[Opening Exercise input section]

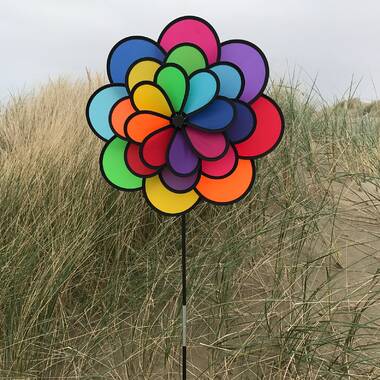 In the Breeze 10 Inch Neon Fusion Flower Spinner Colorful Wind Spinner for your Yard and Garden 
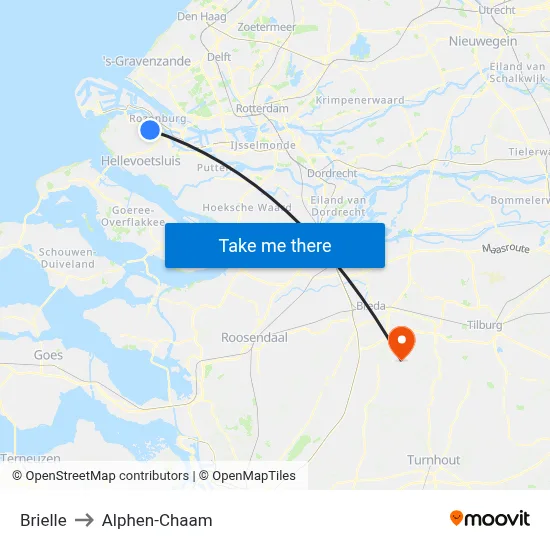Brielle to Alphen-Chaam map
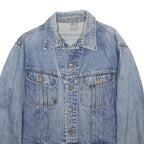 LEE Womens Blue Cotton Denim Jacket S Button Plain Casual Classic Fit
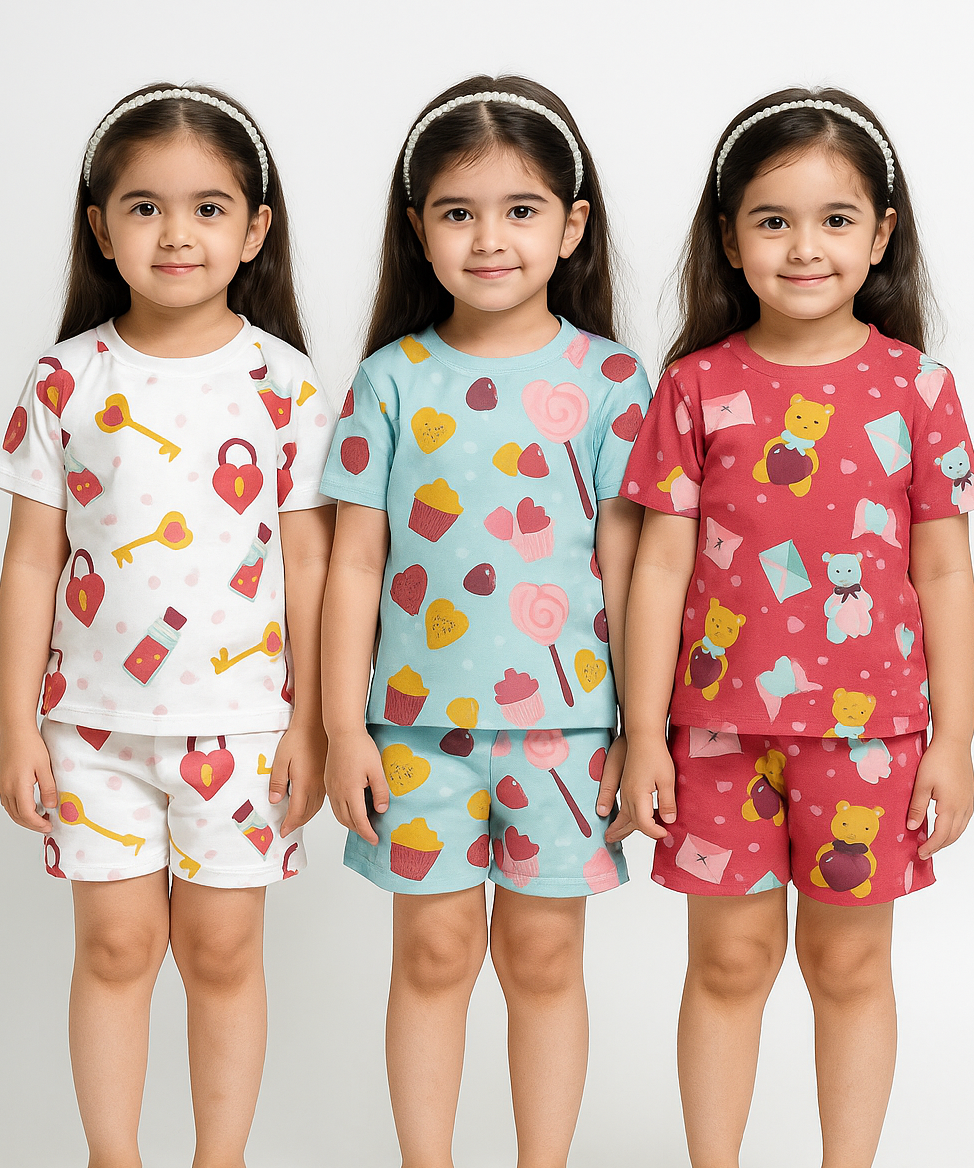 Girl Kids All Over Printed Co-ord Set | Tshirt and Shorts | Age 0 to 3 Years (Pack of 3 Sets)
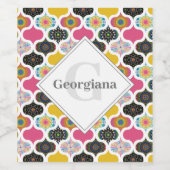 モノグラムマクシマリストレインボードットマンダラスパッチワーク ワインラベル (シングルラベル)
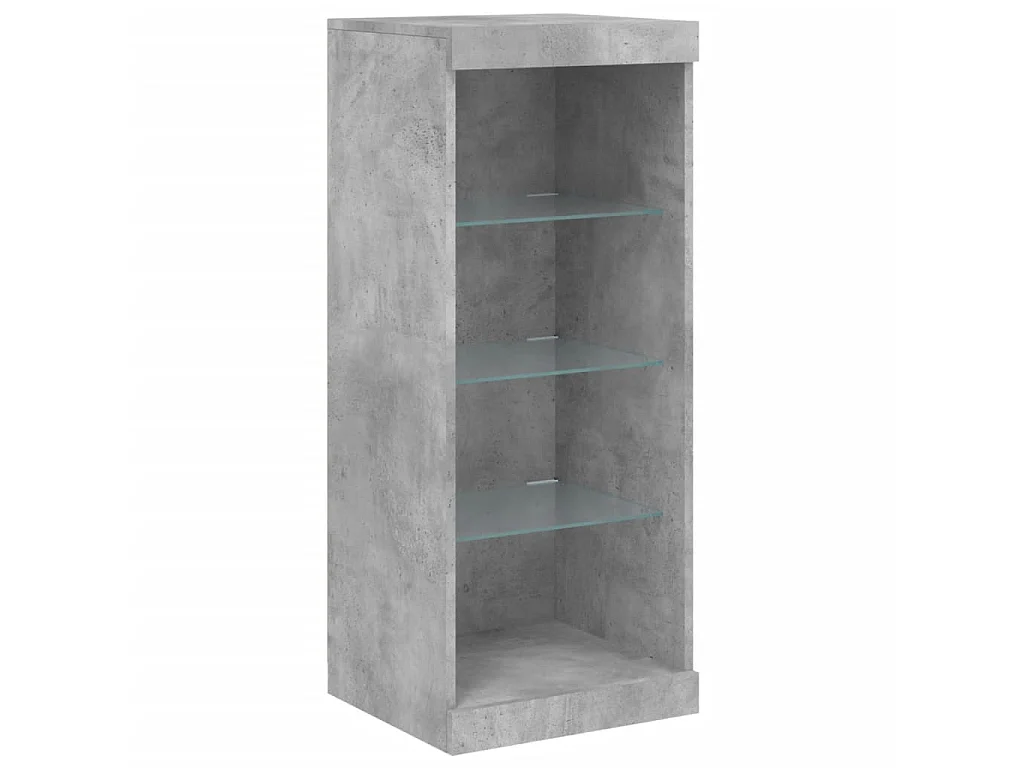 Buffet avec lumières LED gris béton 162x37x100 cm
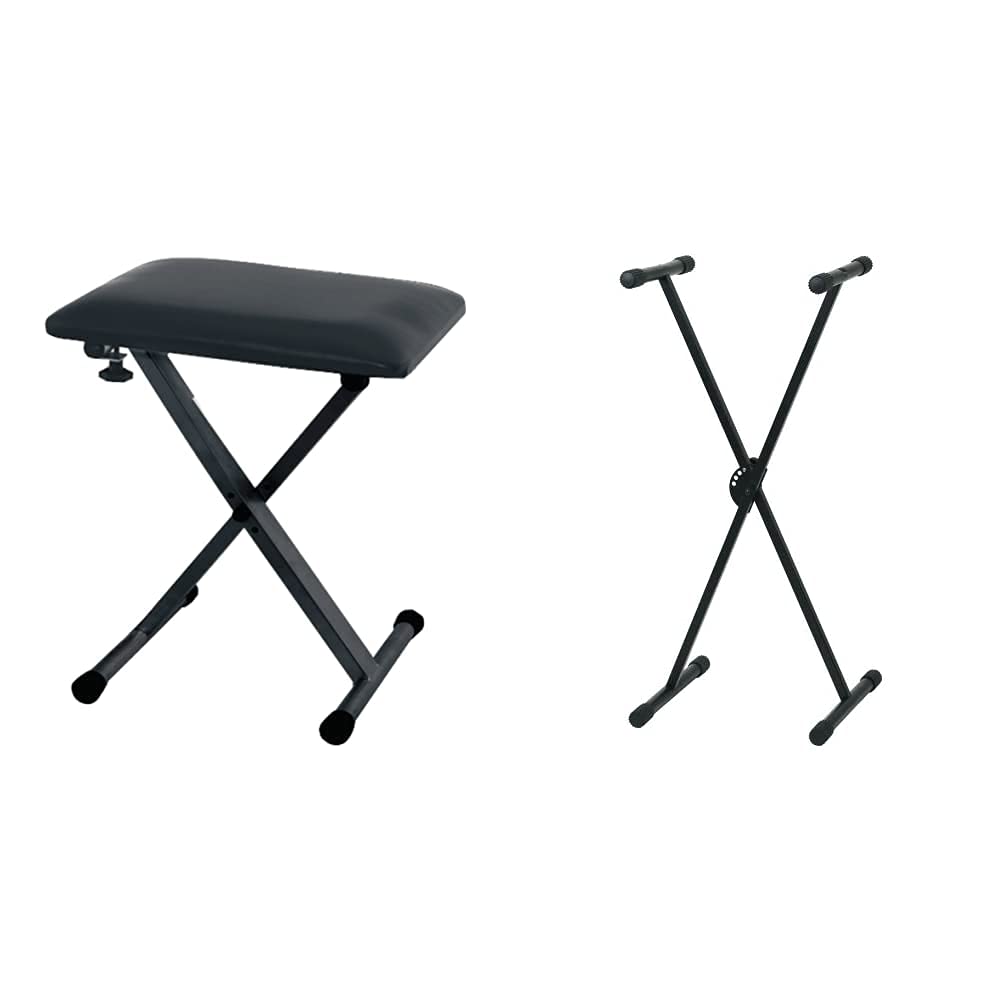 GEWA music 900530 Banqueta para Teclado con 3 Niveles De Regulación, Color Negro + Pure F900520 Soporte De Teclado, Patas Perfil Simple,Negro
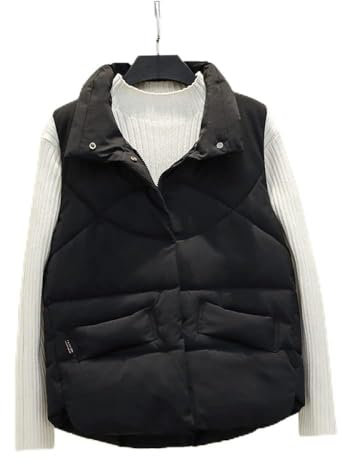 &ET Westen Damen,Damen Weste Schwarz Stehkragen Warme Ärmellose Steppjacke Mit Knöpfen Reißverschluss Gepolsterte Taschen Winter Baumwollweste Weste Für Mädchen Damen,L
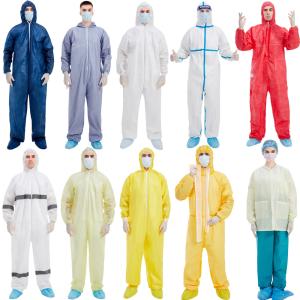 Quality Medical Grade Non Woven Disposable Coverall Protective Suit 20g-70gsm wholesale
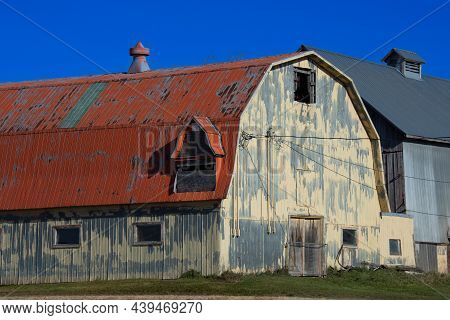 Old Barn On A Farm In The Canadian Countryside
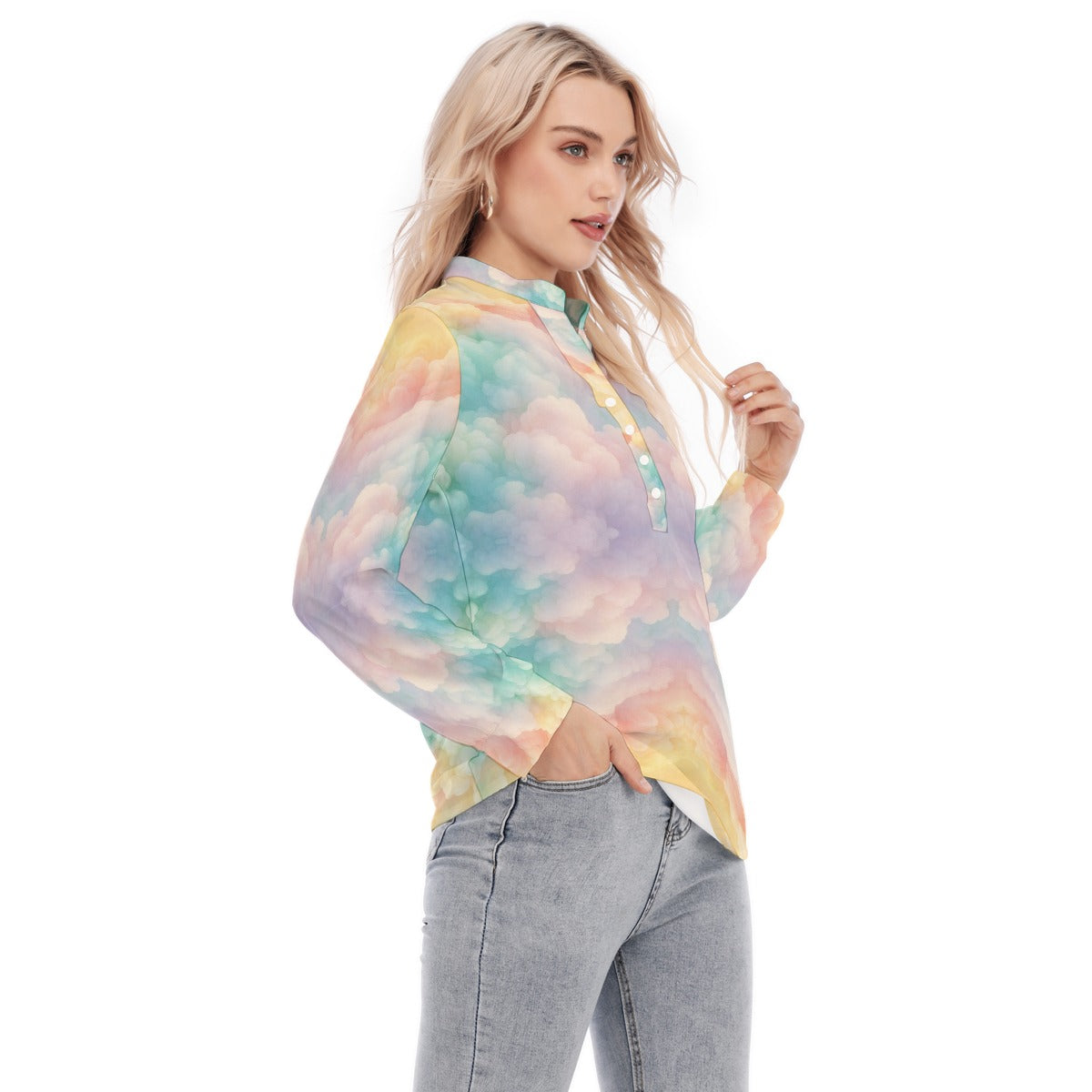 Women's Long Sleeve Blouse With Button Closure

[Closing Exercise input section]

● **Work item**
Using the data above, retype exactly and only the lines from the one containing "LEE Womens Blue" up to and including the one containing "GEWA music 900530", with no pictures carried over.

● **Output below**
 LEE Womens Blue Cotton Denim Jacket S Button Plain Casual Classic Fit
 Girl Kids All Over Printed Co-ord Set | Tshirt and Shorts | Age 0 to 3 Years (Pack of 3 Sets)
 モノグラムマクシマリストレインボードットマンダラスパッチワーク ワインラベル (シングルラベル)
 Buffet avec lumières LED gris béton 162x37x100 cm
 GEWA music 900530 Banqueta para Teclado con 3 Niveles De Regulación, Color Negro + Pure F900520 Soporte De Teclado, Patas Perfil Simple,Negro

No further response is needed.